Scorsese and actors Robert De Niro and Leonardo DiCaprio relished the opportunity to collaborate on the project. The director acknowledged the strong bond between the three of them, as he first learned of DiCaprio through De Niro. DiCaprio called De Niro and Scorsese his "two fathers in the world of cinema" and described the years of collaboration between the director and his counterpart as "the greatest relationship in cinema history". Both actors had individually worked with Scorsese several times; De Niro had worked with the director on eight films when the short was released, DiCaprio had worked with Scorsese on five. Meanwhile, De Niro and DiCaprio had previously appeared together in two films – This Boy's Life and Marvin's Room – the former being DiCaprio's first theatrically-released film. However, the three had never collaborated on a project together. They would eventually collaborate on a feature film eight years later, Killers of the Flower Moon.

De Niro and DiCaprio found the short film's premise humorous due to their long histories of working with Scorsese. DiCaprio also praised Martin Scorsese's acting, claiming the director "stole the show".

==Release==
On October 27, 2015, The Audition made its official world premiere at Studio City in Macau, China in conjunction with the resort's grand opening. Scorsese, De Niro, DiCaprio and producer Brett Ratner were each in attendance for the premiere.

A prior screening had taken place earlier that month at the 20th Busan International Film Festival in South Korea on October 3, 2015. The short was also supposed to screen at the Venice Film Festival on September 7, 2015, but was reportedly cancelled due to technical problems. Rumors also floated that the reason behind the cancellation was due to some perceiving the film as a promotional piece rather than one of artistic merit.

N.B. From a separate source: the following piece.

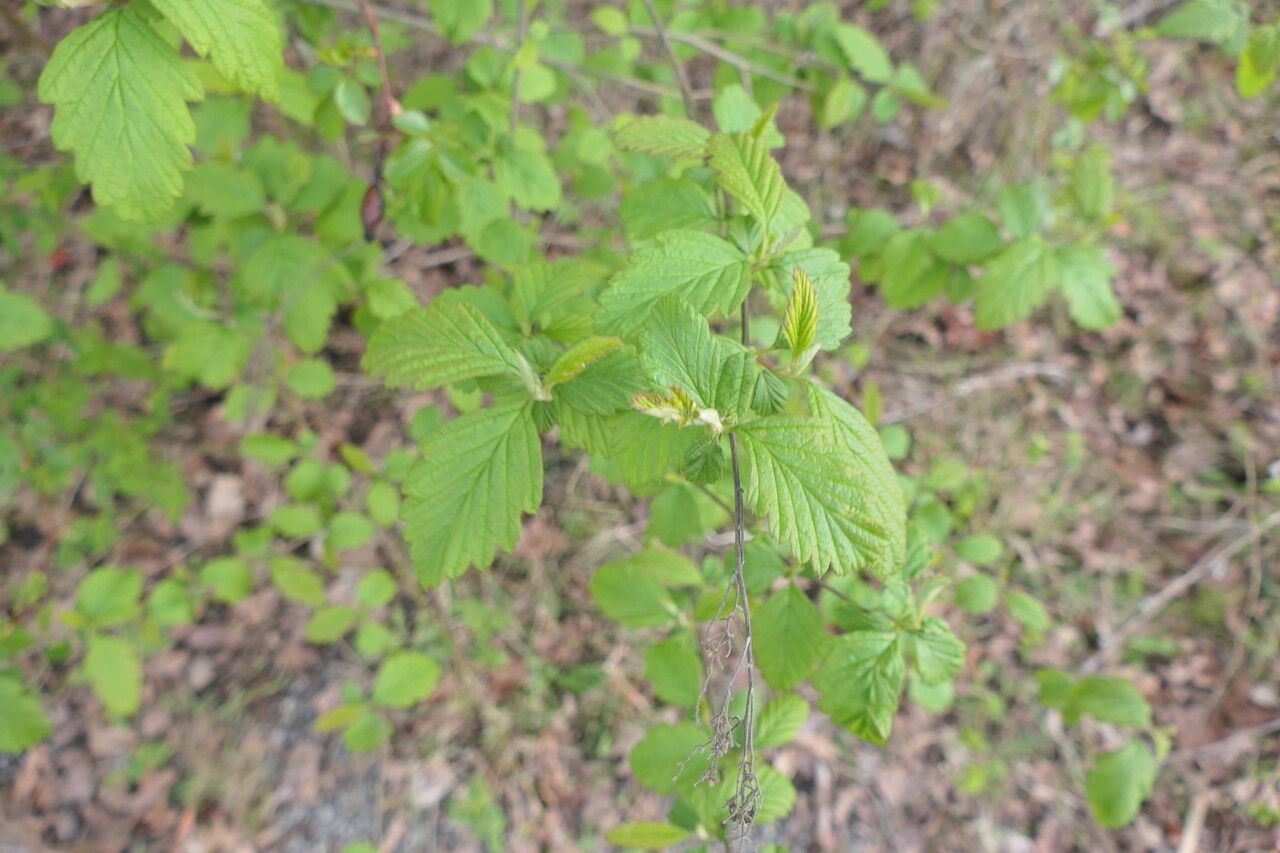 Holodiscus discolor leaf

The Audition has never had a commercial release to date. However, it was placed before feature film screenings in cinemas across Hong Kong and China, presumably to further promote Studio City.

===Critical reception===
Elizabeth Kerr of The Hollywood Reporter called The Audition a "keenly self-aware pop culture nugget" that blurred the line between art and advertising. She noted that the short's contents thrived off this tension, saying "The Audition works on the strength of its (surprise!) strong cast and an awareness that they're all shilling for a casino chain. But Scorsese and his A-list cast pull it off with aplomb, having a good time at their own expense".